Crawled caption data
*** Begin section ***

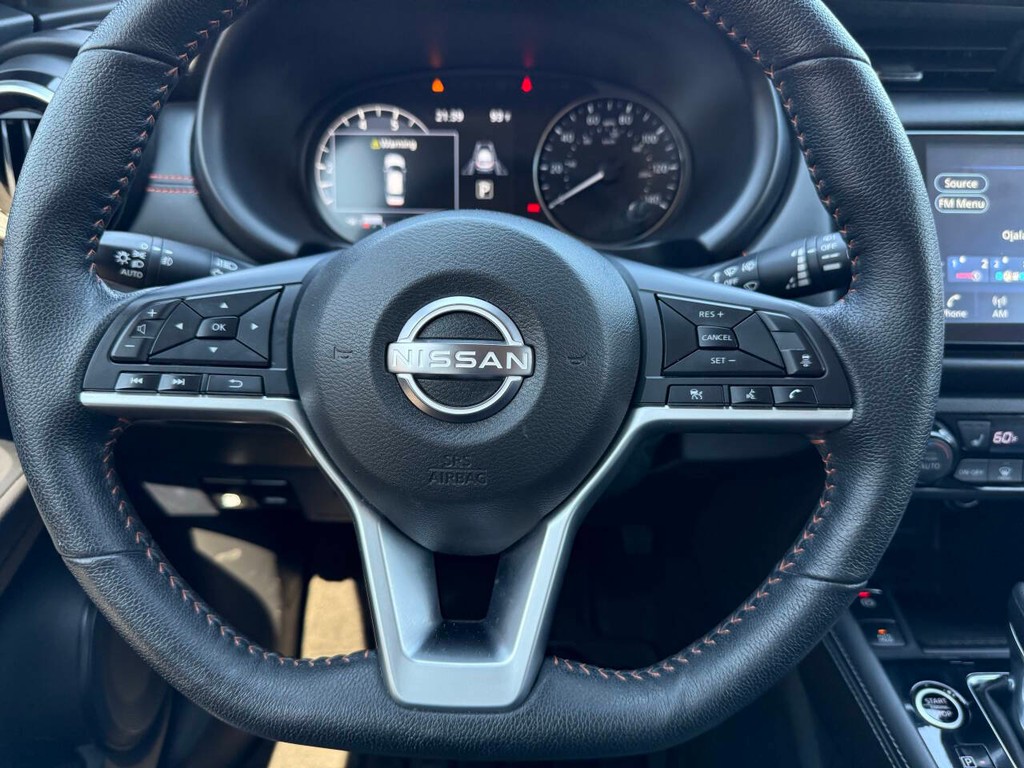 Nissan Kicks Vehicle Full-screen Gallery Image 23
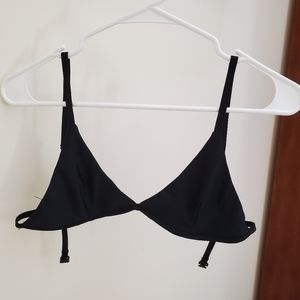 ❤SOLD❤Black bikini top. Says Large but its small.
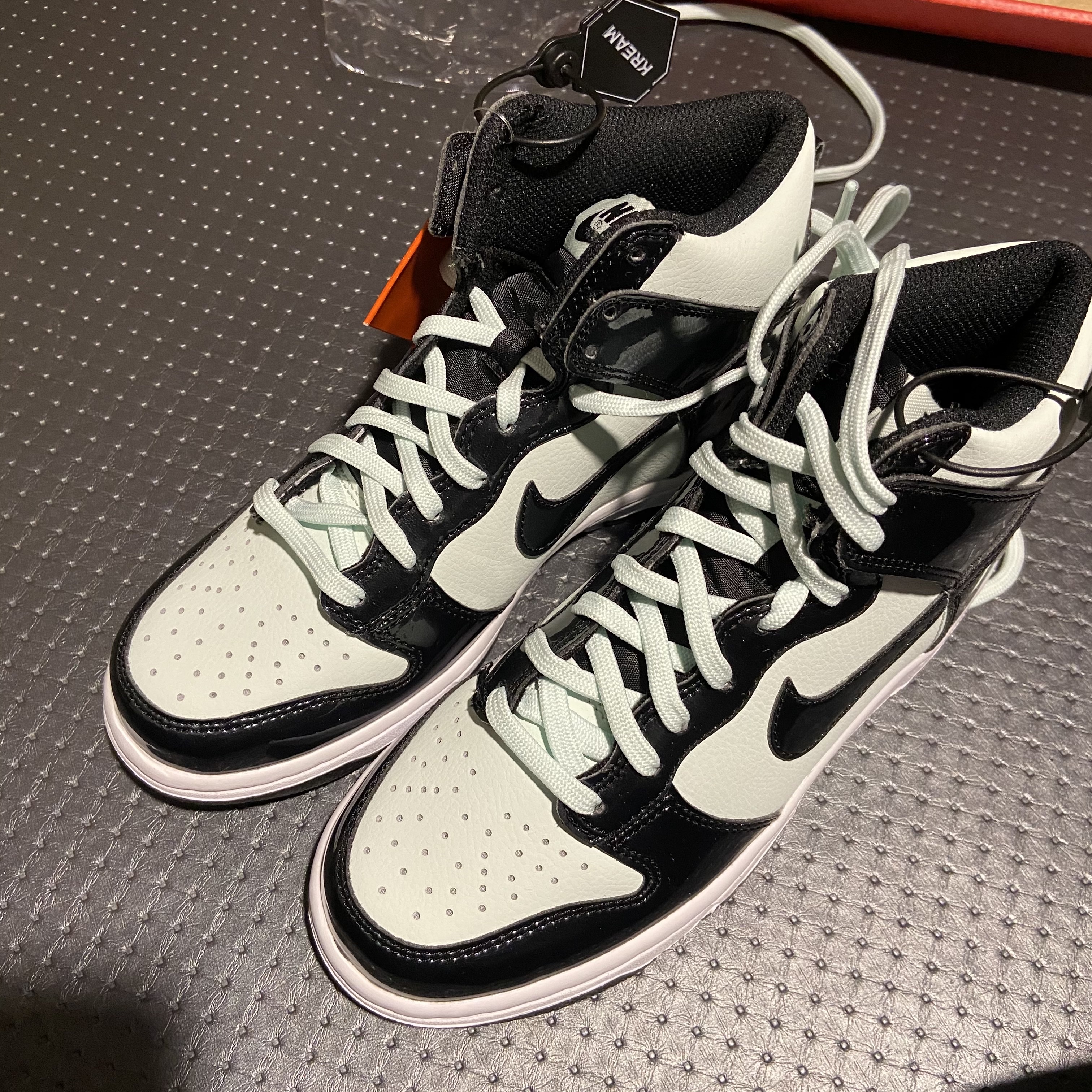 (GS) Nike Dunk High Barely Green 착용 스타일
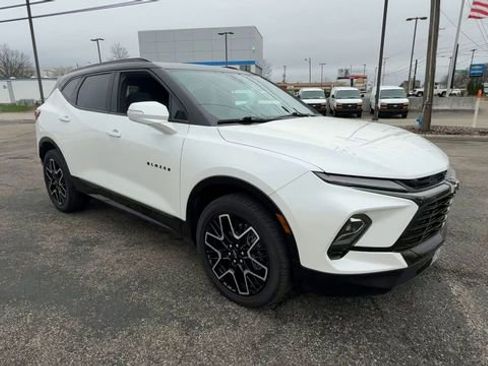 Used 2023 Chevrolet Blazer RS w/ Enhanced Convenience Package image 2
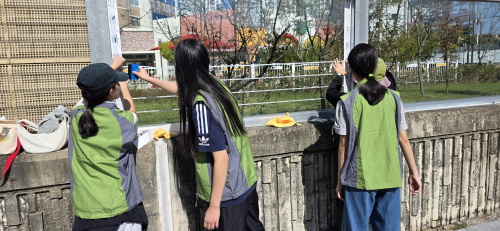 이날 진행된 ‘야생조류 충돌 예방 저감스티커 부착 활동’ 경남도 민간단체 환경보전활동 지원사업의 하나로 추진 중인 ‘BS50(Bird Safe 5×10) 프로젝트’의 일환이다.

*** End section ***

= WHAT YOU WILL DO =
Set every record down again verbatim, without pictures.

= WRITTEN SOLUTION =
 Nissan Kicks Vehicle Full-screen Gallery Image 23
 ❤SOLD❤Black bikini top. Says Large but its small.
 (GS) Nike Dunk High Barely Green 착용 스타일
 Used 2023 Chevrolet Blazer RS w/ Enhanced Convenience Package image 2
 이날 진행된 ‘야생조류 충돌 예방 저감스티커 부착 활동’ 경남도 민간단체 환경보전활동 지원사업의 하나로 추진 중인 ‘BS50(Bird Safe 5×10) 프로젝트’의 일환이다.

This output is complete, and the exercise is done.